ESTONIA: Some Chechen rebels are remembered fondly... far from their native land, as Daniel McLaughlin found recently in Tartu, Estonia
This sleepy university town feels far removed from Russia's dirty war in Chechnya, where pro-Moscow leader Mr Akhmad Kadyrov was assassinated on Sunday. But his killing stirred Estonian memories of the life and death of a peculiar local hero, a Chechen rebel chief who loathed the Kremlin's men and defeated them in a 1994-96 war.
Gen Dzhokhar Dudayev, a firebrand whom Russia deemed its public enemy number one, is remembered with respect and gratitude in the leafy streets of Tartu for ignoring Kremlin orders to crush pro-independence demonstrators when he was a Soviet air force general here from 1987-91.
The airbase is deserted now, and its long-range bombers have long since flown east. NATO fighters now patrol Estonia's skies, since the little Baltic nation joined the military alliance in April. European Union membership followed on May 1st.
But eight years after his own assassination, Gen Dudayev still lingers in the minds of locals who laud his willingness to defy Moscow, and in a building in the historic heart of Tartu where he commanded some 4,000 men.
At the entrance to what is now the Barclay Hotel, a plaque pays quiet respects to its former tenant: "The first president of the Chechen republic Ichkeria, General Dzhokhar Dudayev, worked in this house from 1987 to 1991."
Estonia was one of the first nations to support the drive for independence in Chechnya - or Ichkeria in Chechen - and deplore the Russian onslaught of 1994-96 that ended in rebel victory and three years of self-rule, before then president Boris Yeltsin and his prime minister, Mr Vladimir Putin, returned troops to the region in 1999.
Many Estonians are proud their independence movement emboldened Gen Dudayev in his hopes for Chechnya, and recall how he let pro-democracy marchers parade across his airfield and unfurl an Estonian flag, despite Moscow's outrage.
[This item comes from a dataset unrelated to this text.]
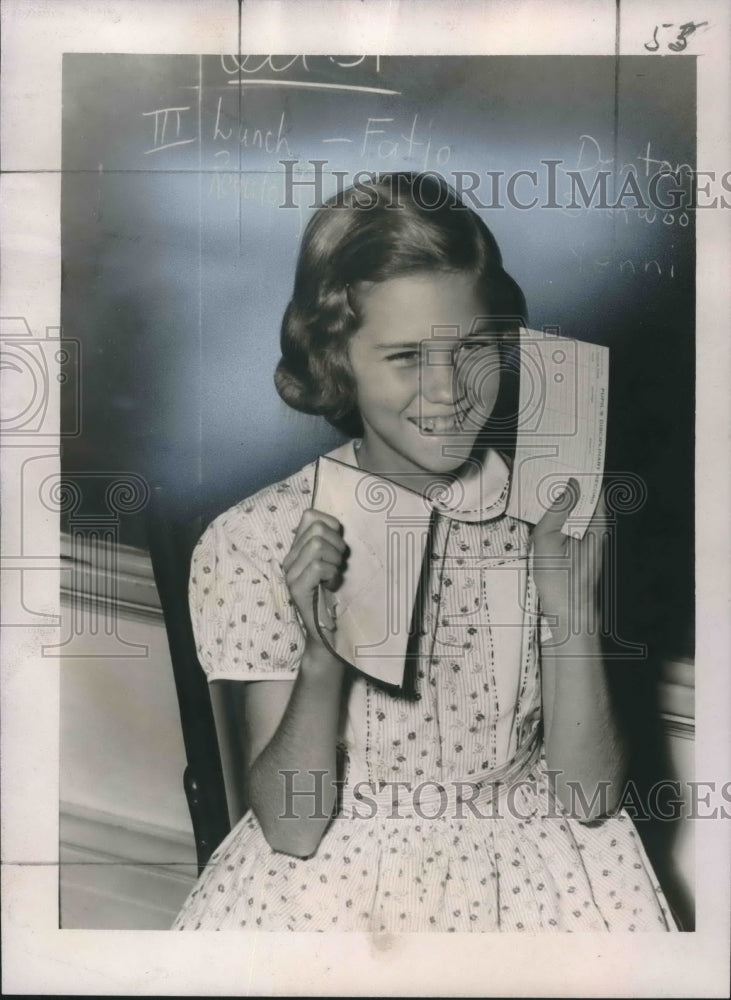 Load image into Gallery viewer, 1955 Press Photo Joyce Ann Chiles shows letter she received from Mrs.Eisenhower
He is even said to have dispatched a mobile military kitchen to give the demonstrators hot tea.
Across the border in Russia, the dapper general is remembered with less affection - usually as little more than a gangster.
President Yeltsin, busy consolidating his own power in Russia, did nothing to oppose Gen Dudayev until 1994, when the Kremlin accused him of harbouring terrorists in Chechnya, and supported a series of coups that failed to oust him.
But for all his military skill, Gen Dudayev was unable to win peace for his homeland. Noted for his pencil moustache and loud pinstripe suits, he was given to ranting at reporters, and proved equally intemperate in talks with Russian politicians.
Only after he was killed did Mr Yeltsin order his troops out of Chechnya. They are back again now, under Mr Putin, and the war is more brutal than ever.